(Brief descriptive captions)
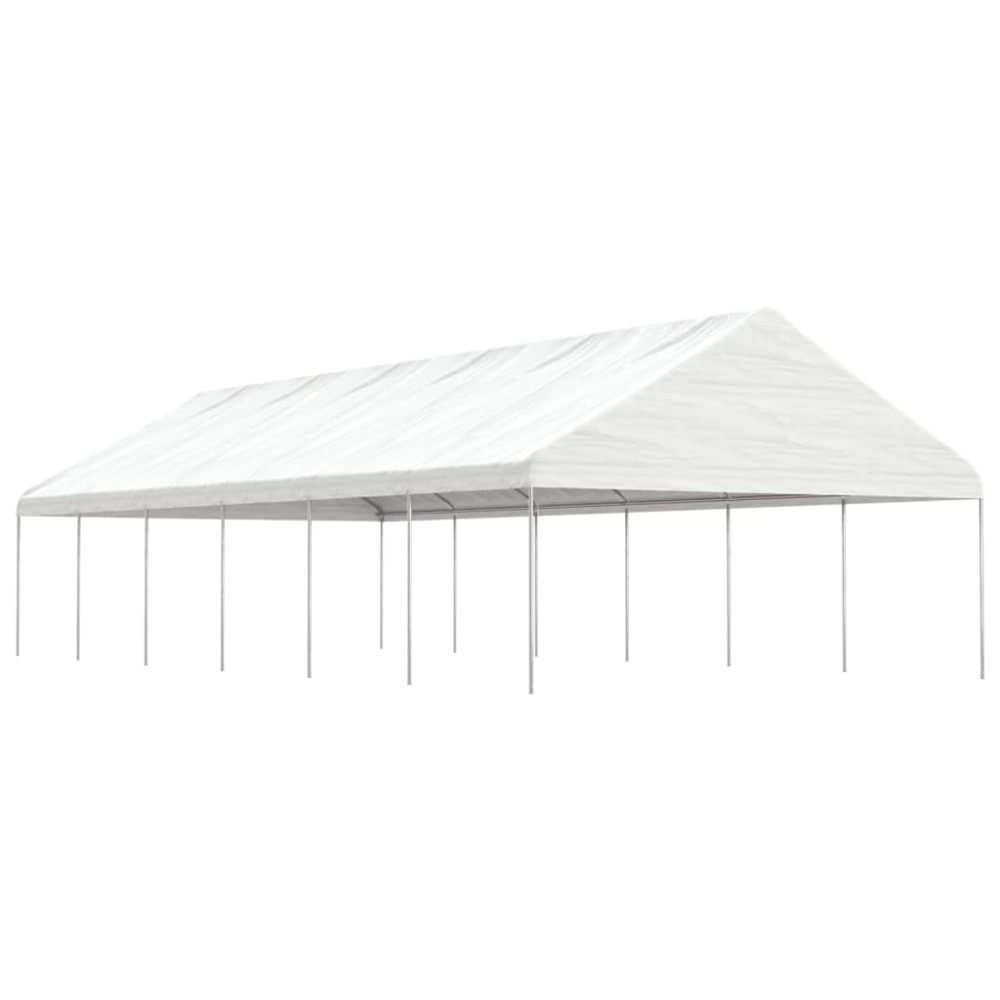 vidaXL Κιόσκι με Τέντα Λευκό 13,38 x 5,88 x 3,75 μ. από Πολυαιθυλένιο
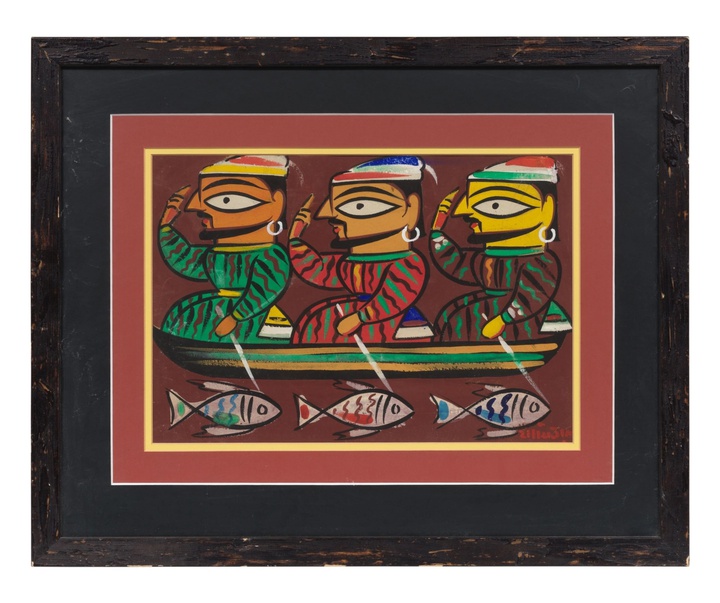 گالری آثار نقاشی جامینی روی از هند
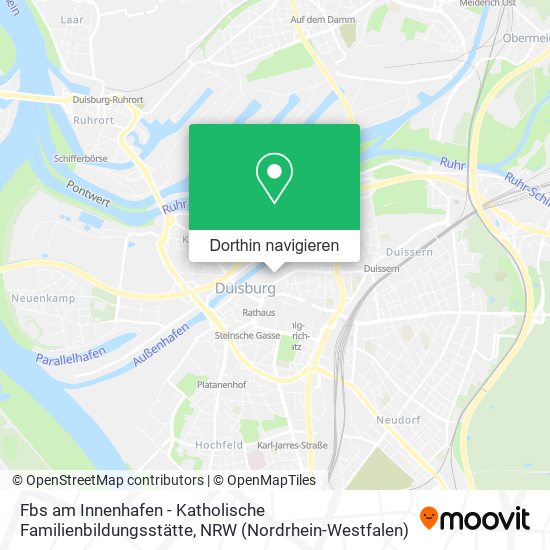 Fbs am Innenhafen - Katholische Familienbildungsstätte Karte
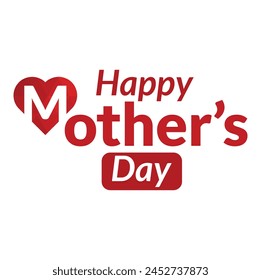 Happy Mothers Day logo vector. "Happy Mothers' Day" mom and child affection concept greeting design for all mother lovers.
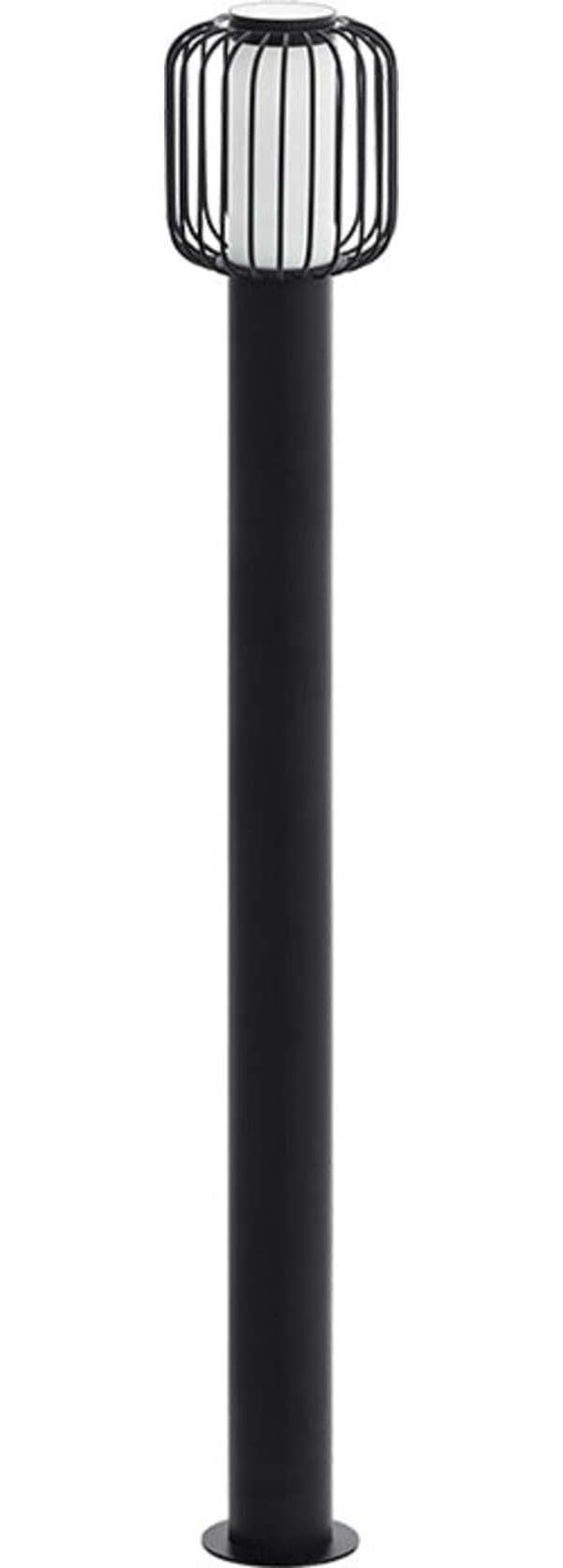 Lampada-Industrial-Da-Esterno-Ravello-1-Luce-Acciaio-Zincato-Nero-H110Cm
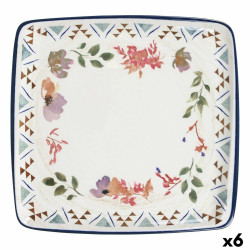 Underplate Viejo Valle Moove Spring Porcelain 32 x 31 x 2 cm (6 Units)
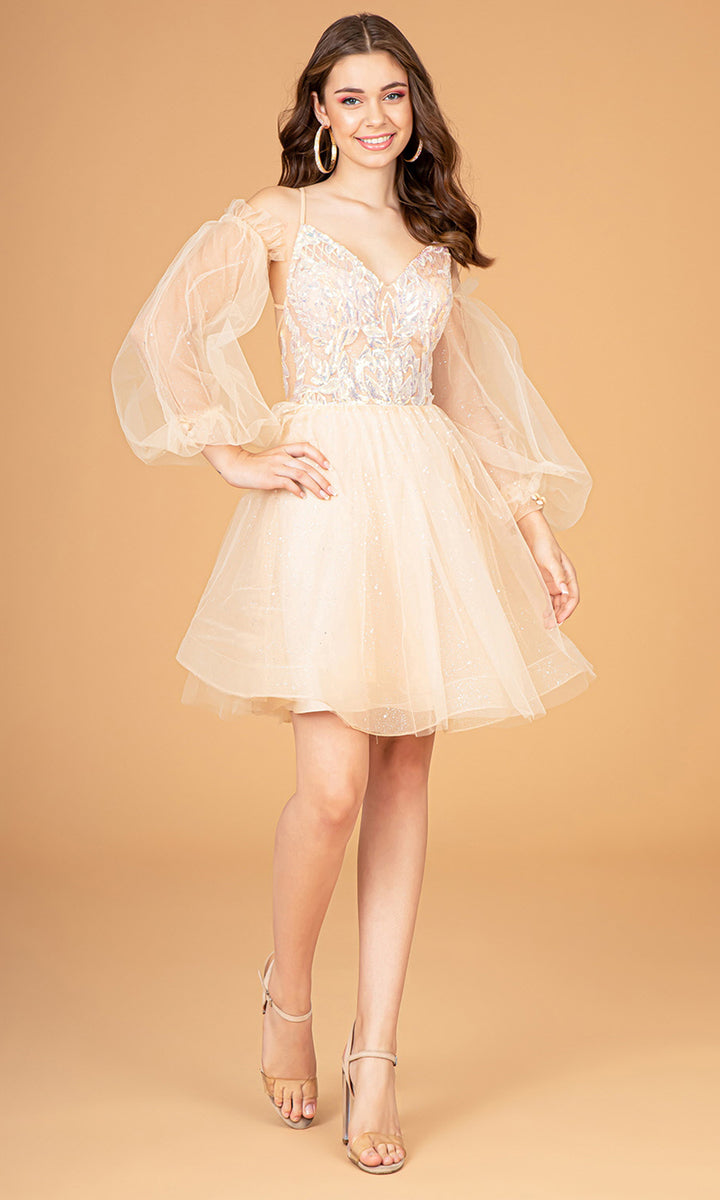 Elizabeth K GS3095  Short Fit and Flare Dress –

> **GOAL OF THE EXERCISE**: Output only the lines from the start of the data through the line that holds "Fbs am Innenhafen". Keep them exact and leave the pictures out.

> **RESPONSE TO THE EXERCISE**:
 vidaXL Κιόσκι με Τέντα Λευκό 13,38 x 5,88 x 3,75 μ. από Πολυαιθυλένιο
 گالری آثار نقاشی جامینی روی از هند
 Fbs am Innenhafen - Katholische Familienbildungsstätte Karte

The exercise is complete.